### What the task requires:
Using the material below, print the line that contains "Four bedrooms, four", the line that contains "First, tap on", and every line in between, exactly and nothing else.
BEGIN
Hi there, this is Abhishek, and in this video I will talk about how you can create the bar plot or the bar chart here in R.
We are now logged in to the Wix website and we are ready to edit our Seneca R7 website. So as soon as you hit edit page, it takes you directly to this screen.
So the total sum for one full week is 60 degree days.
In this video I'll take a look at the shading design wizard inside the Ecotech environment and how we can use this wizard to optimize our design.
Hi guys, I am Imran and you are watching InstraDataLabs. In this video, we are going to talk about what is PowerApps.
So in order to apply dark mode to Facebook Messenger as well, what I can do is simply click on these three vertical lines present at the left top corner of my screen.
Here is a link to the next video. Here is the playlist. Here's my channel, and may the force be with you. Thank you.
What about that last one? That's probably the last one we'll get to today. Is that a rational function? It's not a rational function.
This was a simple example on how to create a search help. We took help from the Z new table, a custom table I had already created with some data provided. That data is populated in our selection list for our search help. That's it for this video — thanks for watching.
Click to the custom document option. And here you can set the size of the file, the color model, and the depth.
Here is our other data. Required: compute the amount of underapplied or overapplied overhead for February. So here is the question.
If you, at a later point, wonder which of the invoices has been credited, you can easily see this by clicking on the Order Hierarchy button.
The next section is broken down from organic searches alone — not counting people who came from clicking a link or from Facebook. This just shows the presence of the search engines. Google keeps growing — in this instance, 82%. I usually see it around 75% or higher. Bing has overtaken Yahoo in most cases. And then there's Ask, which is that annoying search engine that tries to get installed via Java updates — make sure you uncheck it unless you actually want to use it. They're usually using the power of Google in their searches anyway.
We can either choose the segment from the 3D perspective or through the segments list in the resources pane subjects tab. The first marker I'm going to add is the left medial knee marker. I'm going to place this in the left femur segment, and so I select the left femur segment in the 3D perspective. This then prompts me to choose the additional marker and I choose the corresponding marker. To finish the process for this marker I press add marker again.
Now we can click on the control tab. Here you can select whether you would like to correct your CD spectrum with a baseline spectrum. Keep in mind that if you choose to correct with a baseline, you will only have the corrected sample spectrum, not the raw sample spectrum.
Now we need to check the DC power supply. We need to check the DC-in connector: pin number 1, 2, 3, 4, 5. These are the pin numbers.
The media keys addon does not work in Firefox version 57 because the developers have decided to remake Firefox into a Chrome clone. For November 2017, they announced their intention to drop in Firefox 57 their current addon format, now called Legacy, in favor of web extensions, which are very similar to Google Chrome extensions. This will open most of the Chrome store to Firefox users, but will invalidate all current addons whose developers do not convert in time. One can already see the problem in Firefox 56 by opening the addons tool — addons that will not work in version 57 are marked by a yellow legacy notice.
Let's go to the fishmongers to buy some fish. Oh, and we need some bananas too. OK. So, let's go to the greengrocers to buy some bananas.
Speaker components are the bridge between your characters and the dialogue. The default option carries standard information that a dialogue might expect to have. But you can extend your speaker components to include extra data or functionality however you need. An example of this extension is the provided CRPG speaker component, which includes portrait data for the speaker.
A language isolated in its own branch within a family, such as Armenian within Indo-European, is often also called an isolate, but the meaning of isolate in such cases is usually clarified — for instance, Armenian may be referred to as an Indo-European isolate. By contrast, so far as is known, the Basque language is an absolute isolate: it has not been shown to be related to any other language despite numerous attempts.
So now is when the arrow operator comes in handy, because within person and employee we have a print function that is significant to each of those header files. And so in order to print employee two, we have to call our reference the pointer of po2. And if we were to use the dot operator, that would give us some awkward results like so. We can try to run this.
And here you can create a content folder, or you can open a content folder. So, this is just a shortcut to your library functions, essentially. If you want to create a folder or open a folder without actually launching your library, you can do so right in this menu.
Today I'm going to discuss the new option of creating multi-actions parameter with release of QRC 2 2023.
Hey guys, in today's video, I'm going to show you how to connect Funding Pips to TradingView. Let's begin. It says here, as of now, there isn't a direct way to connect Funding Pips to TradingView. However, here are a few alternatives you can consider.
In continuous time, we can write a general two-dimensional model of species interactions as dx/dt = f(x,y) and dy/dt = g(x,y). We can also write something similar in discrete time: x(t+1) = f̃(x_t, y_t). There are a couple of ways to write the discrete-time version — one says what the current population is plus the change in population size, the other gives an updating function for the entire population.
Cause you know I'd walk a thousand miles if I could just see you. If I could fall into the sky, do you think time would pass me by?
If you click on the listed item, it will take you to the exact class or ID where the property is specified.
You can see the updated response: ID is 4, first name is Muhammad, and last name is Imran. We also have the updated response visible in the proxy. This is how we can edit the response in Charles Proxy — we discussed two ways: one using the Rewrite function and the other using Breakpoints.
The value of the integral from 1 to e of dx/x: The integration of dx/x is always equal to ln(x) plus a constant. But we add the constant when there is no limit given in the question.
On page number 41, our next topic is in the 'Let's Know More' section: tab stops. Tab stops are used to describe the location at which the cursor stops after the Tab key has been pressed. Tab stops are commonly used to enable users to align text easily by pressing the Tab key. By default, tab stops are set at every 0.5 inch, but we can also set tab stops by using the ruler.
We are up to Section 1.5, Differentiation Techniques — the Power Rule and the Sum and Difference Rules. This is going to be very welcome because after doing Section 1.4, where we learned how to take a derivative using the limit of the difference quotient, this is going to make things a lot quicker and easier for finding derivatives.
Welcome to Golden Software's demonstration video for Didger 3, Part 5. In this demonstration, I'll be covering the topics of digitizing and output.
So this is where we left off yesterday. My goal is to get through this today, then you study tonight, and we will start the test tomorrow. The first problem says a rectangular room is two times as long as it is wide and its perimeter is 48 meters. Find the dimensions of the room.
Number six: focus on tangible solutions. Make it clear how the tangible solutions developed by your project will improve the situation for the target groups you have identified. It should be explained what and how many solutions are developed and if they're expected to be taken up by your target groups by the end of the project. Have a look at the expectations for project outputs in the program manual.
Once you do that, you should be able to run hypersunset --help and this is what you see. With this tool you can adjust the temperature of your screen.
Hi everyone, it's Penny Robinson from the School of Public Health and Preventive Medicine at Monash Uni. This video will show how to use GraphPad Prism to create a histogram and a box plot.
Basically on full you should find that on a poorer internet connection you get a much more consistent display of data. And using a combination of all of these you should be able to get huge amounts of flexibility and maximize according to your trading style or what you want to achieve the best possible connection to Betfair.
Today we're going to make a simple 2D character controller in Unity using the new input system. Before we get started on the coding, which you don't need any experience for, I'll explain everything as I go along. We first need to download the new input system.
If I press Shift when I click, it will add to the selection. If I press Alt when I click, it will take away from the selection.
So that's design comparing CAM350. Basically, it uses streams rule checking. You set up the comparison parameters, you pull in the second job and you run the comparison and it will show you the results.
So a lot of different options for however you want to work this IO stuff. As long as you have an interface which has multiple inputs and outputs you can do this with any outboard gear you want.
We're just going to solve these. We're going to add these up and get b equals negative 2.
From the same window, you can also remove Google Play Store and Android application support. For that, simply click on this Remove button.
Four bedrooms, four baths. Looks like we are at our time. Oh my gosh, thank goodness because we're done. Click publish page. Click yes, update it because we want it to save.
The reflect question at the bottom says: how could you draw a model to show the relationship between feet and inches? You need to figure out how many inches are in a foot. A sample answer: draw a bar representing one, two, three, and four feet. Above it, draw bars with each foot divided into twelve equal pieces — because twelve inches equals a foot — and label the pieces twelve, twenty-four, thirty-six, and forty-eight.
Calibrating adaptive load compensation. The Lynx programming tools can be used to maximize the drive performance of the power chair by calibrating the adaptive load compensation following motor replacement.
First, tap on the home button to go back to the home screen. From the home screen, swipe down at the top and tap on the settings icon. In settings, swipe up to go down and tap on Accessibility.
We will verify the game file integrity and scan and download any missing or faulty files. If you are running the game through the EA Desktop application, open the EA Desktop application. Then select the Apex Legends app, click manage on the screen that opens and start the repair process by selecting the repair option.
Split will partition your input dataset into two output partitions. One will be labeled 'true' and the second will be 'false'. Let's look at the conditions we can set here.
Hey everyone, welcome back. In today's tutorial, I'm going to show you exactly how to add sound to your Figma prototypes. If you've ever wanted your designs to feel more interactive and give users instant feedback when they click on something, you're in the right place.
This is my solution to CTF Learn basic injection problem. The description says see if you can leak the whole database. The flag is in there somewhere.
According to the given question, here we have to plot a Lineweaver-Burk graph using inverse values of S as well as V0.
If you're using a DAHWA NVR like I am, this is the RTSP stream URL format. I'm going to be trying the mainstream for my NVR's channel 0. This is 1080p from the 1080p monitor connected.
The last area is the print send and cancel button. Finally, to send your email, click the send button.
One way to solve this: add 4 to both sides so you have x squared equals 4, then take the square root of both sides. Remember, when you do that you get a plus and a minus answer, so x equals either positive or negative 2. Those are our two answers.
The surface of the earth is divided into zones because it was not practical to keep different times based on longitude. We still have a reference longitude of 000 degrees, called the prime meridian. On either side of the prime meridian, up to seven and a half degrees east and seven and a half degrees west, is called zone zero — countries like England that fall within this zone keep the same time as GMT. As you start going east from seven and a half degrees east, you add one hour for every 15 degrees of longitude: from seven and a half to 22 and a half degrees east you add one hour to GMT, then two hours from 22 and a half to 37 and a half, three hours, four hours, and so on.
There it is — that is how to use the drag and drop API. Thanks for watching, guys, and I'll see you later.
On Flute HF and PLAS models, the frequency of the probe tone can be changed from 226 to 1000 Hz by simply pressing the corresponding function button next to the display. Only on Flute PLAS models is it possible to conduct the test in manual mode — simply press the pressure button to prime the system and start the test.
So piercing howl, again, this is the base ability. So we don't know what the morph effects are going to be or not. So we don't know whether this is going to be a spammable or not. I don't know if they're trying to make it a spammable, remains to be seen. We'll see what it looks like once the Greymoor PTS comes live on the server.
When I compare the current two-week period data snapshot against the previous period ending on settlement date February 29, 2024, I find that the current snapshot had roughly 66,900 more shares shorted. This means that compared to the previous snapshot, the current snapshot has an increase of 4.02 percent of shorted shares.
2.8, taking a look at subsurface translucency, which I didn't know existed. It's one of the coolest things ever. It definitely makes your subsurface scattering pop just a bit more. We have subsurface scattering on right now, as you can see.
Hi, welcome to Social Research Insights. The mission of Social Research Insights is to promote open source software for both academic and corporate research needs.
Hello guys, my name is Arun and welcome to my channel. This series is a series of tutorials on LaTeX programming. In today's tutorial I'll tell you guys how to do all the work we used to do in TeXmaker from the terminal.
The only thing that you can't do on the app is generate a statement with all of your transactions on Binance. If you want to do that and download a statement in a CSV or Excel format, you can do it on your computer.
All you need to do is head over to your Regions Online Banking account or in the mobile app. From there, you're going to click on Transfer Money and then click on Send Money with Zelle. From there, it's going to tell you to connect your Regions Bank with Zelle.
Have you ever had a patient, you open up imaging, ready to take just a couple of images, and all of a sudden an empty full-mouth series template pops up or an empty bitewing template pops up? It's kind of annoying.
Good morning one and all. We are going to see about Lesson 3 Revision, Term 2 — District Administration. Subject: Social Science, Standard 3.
END
### Result of the task:
Four bedrooms, four baths. Looks like we are at our time. Oh my gosh, thank goodness because we're done. Click publish page. Click yes, update it because we want it to save.
The reflect question at the bottom says: how could you draw a model to show the relationship between feet and inches? You need to figure out how many inches are in a foot. A sample answer: draw a bar representing one, two, three, and four feet. Above it, draw bars with each foot divided into twelve equal pieces — because twelve inches equals a foot — and label the pieces twelve, twenty-four, thirty-six, and forty-eight.
Calibrating adaptive load compensation. The Lynx programming tools can be used to maximize the drive performance of the power chair by calibrating the adaptive load compensation following motor replacement.
First, tap on the home button to go back to the home screen. From the home screen, swipe down at the top and tap on the settings icon. In settings, swipe up to go down and tap on Accessibility.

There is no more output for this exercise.